The labor of gratitude

From Lewis Hyde’s “The Gift” (thanks, Evelyn!)

As a parable of a gifted person, “The Shoemaker and the Elves” is also a parable for artists. Most artists early on find themselves in the position of the shoemaker on the first night — a talent has appeared, but it’s naked, immature. Ahead lie the years of reciprocal labor which precede the release of an accomplished gift. To take a literary example, George Bernard Shaw underwent a typical period of retreat and maturation before he emerged as a writer.
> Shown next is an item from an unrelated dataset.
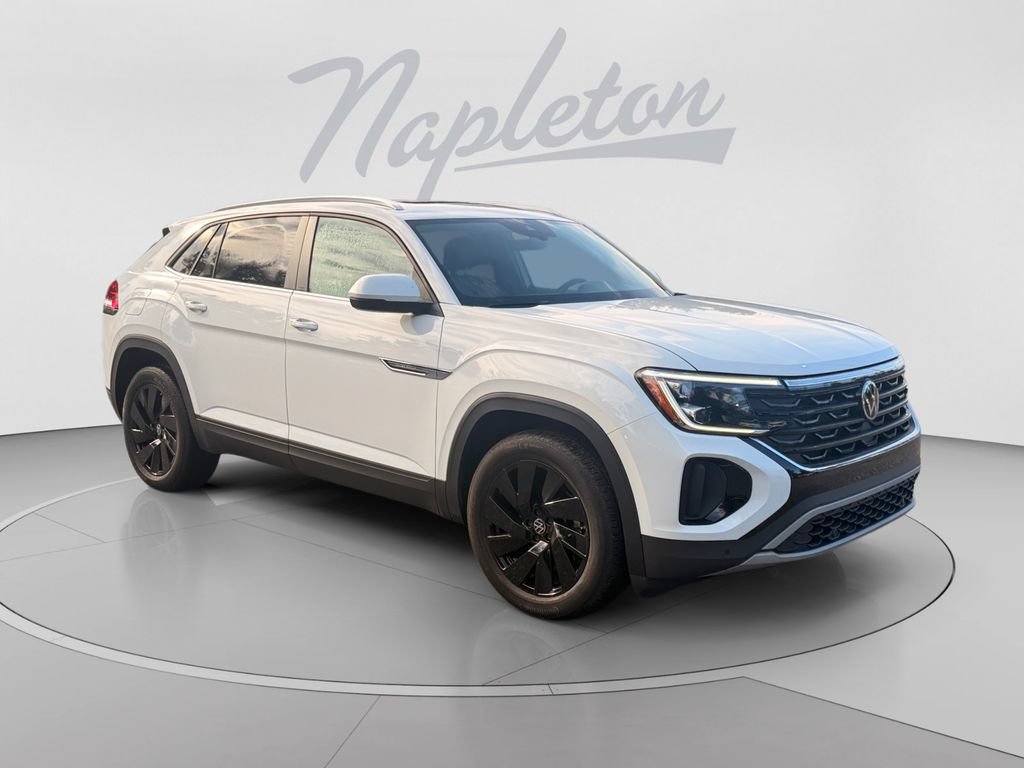 Used 2025 Volkswagen Atlas Cross Sport SE FWD image 8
The young Shaw started a career in business and felt the threat not of failure but of success. “I made good in spite of myself, and found, to my dismay, that Business, instead of expelling me as the worthless imposted I was, was fastening upon me with no intention of letting go.” He was twentry. “In Marche, 1876, I broke loose,” he says. He left family, friends, business and Ireland. He spent about eight years ‘in absentia’, writing constantly (five novels, published only toward the end of his life — and then with a note by Shaw asking the buyer not to read them). Erik Erikson has commented:

“Potentially creative men like Shaw build the personal fundament of their work during a self-decreed moratorium, during which they often starve themselves, socially, erotically, and, last but not least, nutritionally, in order to let the grosser weeds die out, and make way for the growth of their inner garden. Often, when the weeds are dead, so is the garden. At the decisive moment, however, some make contact with a nutriment specific for theif gifts. For Shaw, of course, this gift was literature.”

For the slow labor of realizing a potential gift the artist must retreat to those Bohemias, halfway between the slums and the library, where life is not counted by the clock and where the talented may be sure they will be ignored until that time, if it ever comes, when their gifts are viable enough to be set free and survive in the world.